What lines in the records below contain the string "Lamp"? Copy every one.

'''

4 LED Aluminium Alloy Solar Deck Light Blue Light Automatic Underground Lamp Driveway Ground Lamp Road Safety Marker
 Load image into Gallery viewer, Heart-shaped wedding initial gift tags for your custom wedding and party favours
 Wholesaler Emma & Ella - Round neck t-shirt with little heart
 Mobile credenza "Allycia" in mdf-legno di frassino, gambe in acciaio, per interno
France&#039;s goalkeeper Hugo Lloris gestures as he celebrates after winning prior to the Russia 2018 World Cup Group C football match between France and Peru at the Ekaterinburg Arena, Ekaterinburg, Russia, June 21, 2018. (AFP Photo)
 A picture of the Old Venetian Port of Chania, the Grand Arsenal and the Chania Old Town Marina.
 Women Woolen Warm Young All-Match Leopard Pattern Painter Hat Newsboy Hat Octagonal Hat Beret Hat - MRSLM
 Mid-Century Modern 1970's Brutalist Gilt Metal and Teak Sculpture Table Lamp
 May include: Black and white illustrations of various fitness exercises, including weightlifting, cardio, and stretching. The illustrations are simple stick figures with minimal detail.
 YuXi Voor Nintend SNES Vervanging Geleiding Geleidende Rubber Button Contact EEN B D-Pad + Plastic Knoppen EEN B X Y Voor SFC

'''

SOLUTION TO THIS TASK =>
4 LED Aluminium Alloy Solar Deck Light Blue Light Automatic Underground Lamp Driveway Ground Lamp Road Safety Marker
 Mid-Century Modern 1970's Brutalist Gilt Metal and Teak Sculpture Table Lamp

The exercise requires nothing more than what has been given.